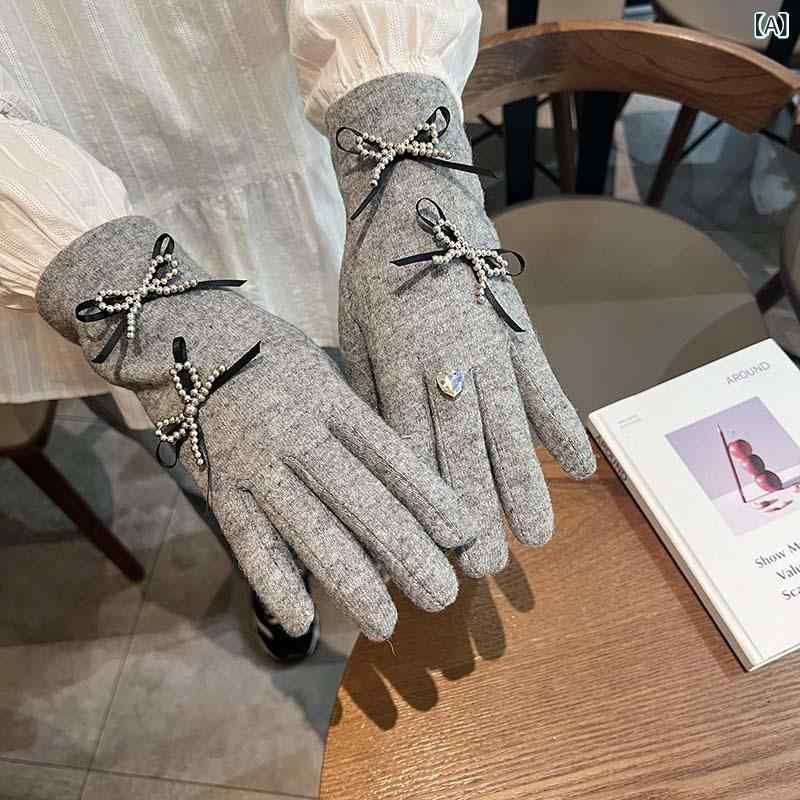 手袋 レディース グローブ 5本指 カシミヤ ダブルパール リボン 裏起毛 厚手 保温 防寒 あったか スマホ対応 タッチパネル対応 自転車 サイクリング 通勤 通学 秋冬 上品 グレー ピンク ブラック フリーサイズ 冷え対策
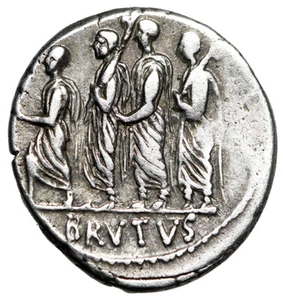 M Junius Brutus AR Denarius "Consul, Accensus and Lictors" 54 BC Good Very Fine - Picture 1 of 5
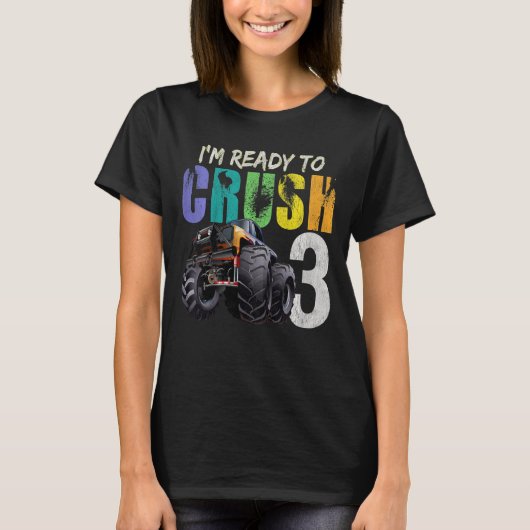 モンスタートラックを粉砕する準備ができている子供たちF Tシャツ (正面)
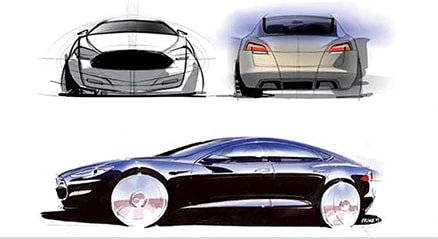 在 Sketchbook 爱游戏绘制的 Tesla Model S 观点草图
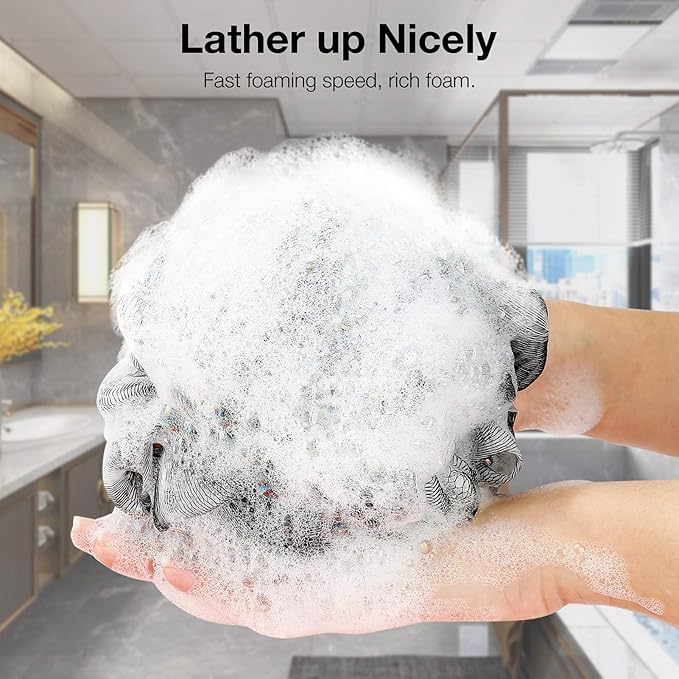 DadyMart Bath Shower Loofah Sponge 60g Bath Mesh Pouf Shower Ball Body Scrubber - Image 2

+--

What is being asked — Reproduce every record above exactly as given, excluding pictures from the result.

Task answer —
 手袋 レディース グローブ 5本指 カシミヤ ダブルパール リボン 裏起毛 厚手 保温 防寒 あったか スマホ対応 タッチパネル対応 自転車 サイクリング 通勤 通学 秋冬 上品 グレー ピンク ブラック フリーサイズ 冷え対策
 M Junius Brutus AR Denarius "Consul, Accensus and Lictors" 54 BC Good Very Fine - Picture 1 of 5
 モンスタートラックを粉砕する準備ができている子供たちF Tシャツ (正面)
 在 Sketchbook 爱游戏绘制的 Tesla Model S 观点草图
 DadyMart Bath Shower Loofah Sponge 60g Bath Mesh Pouf Shower Ball Body Scrubber - Image 2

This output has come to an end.